McCain's carrier-group commanders and Vice Admiral Sir Philip ("Cossack") Vian, non-flying commander of the British flattops, sent their flyers off to swoop out of a blustery dawn onto the airfields around Tokyo. In the bad weather, the aviators had poor hunting. The Americans, on the southern flank of the attack, could find only nine seaplanes, all sitting ducks, of which four were burned and five damaged. They also smashed two hangars, sank three small craft and damaged ten others. The British, farther north, destroyed a hangar and 13 planes. Both groups shot up locomotives and hit factories and barracks.

Shots in the Dark. Halsey selected that night for his most defiant gesture. His battleships steamed within ten miles of the coast of Honshu, northeast of Tokyo.

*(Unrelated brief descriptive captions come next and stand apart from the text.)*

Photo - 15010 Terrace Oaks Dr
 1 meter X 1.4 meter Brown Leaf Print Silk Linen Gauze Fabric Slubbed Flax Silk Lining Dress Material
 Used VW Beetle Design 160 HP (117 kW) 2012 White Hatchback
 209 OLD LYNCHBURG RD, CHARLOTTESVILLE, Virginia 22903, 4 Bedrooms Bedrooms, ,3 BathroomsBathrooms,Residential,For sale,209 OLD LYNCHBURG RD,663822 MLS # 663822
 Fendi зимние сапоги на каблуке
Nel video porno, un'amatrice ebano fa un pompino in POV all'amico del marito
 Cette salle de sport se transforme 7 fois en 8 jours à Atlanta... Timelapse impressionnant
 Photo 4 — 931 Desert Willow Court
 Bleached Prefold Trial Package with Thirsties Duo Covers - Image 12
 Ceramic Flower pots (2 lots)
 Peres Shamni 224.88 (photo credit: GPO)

As they bore south, each trained the 67-ft. barrels of its nine 16-inch rifles over the starboard beam.

The night was pitch black, patched with fog and laced with rain which rattled like beans on the seamen's battle helmets. From the second ship in column, the lead ship Iowa was invisible. Japanese snooper planes appeared only as "blips" on the radar screen, then vanished, having failed to detect the fleet. The enemy coast was invisible to all but the magic eye of the gun directors. In another group, following, were British battleships such as the King George V, with ten 14-inch guns.

The bombardment had been scheduled to start at 11 p.m. but the force was late in reaching the firing course. It was 11:14 when the Iowa belched the flame of a full, nine-gun broadside which threw her several feet crabwise through the black water. Then her sister ships and the British joined in: broadside after broadside of 2,100-and 1,560-lb. shells screeched through the wet air.

Perpetual Gloom. The first target was an arms factory at Takahagi. Then, in quick succession as the battleships (with cruisers closer inshore adding their quota) headed south at better than 20 knots, came engineering works at Hitachi, a copper refinery at Shibauchi and a complex of munitions plants and steel mills at Mito.

Only for a few minutes during the run had the fog lifted enough to disclose a ruddy glow over the Jap coast to Allied gunners. Spotting-plane pilots over the targets reported mostly "Visibility lousy," but where the cloud cover broke, near Mito, the spotter radioed: "Keep it up, gang--we're doing beautifully."

Not a Jap--airborne, waterborne or submarine--had come near the fleet; not a bomb had been dropped, not a coastal gun fired.

After 52 minutes (and 2,000 tons of ammunition) Halsey turned away from the coast and next morning the airmen went in again. The weather: worse. Targets for the U.S. flyers: warships at the great Yokosuka navy yard in Tokyo Bay, only 30 miles from the Imperial Palace.

There the enemy put up a fight. Antiaircraft fire was heavy and accurate; the bombardiers of Helldivers and Avengers could see nothing of what they hit.

That night, Halsey made yet another defiant gesture: covered by destroyers, U.S. light cruisers steamed up and bombarded coastal installations around Cape Nojima, at the mouth of Tokyo Bay. One big explosion was seen; the rest was shrouded in the soup.

*Always known as Sir Bernard, to avoid confusion with older cousin Rear Admiral Henry Clive Rawlings, recently in service as a convoy commodore.